**RECORDS SHOWN:**

[Start of section]

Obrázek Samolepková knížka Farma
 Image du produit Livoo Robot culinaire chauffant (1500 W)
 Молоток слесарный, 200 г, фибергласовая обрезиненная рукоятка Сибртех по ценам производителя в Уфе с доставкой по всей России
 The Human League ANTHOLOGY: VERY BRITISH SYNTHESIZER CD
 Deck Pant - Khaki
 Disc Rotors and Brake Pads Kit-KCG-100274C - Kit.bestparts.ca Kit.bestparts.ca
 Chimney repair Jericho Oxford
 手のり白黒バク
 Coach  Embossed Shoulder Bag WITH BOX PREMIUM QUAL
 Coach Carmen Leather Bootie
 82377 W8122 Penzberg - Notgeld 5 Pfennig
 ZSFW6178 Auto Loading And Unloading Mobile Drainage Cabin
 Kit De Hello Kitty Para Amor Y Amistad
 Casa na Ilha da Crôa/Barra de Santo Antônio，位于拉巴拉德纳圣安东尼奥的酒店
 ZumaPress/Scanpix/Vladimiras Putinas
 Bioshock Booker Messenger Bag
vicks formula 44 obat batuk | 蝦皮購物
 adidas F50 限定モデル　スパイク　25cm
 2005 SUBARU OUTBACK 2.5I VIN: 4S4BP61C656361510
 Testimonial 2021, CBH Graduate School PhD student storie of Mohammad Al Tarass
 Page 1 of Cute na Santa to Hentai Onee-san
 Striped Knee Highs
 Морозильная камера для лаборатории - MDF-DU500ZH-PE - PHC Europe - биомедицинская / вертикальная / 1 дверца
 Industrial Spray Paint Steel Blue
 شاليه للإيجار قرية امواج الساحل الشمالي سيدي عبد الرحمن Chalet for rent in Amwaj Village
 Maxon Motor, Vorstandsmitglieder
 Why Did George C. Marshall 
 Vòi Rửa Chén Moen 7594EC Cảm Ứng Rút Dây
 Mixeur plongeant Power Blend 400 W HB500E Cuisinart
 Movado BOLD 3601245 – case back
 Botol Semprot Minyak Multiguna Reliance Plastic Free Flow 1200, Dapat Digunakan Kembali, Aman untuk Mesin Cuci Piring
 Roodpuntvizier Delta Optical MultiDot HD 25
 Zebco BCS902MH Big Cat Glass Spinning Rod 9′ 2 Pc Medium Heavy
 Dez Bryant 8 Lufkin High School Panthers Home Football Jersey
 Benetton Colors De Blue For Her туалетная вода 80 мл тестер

[End of section]

In the records above, find the lines holding "Coach". Copy each one.

**FINISHED TASK:**
 Coach  Embossed Shoulder Bag WITH BOX PREMIUM QUAL
 Coach Carmen Leather Bootie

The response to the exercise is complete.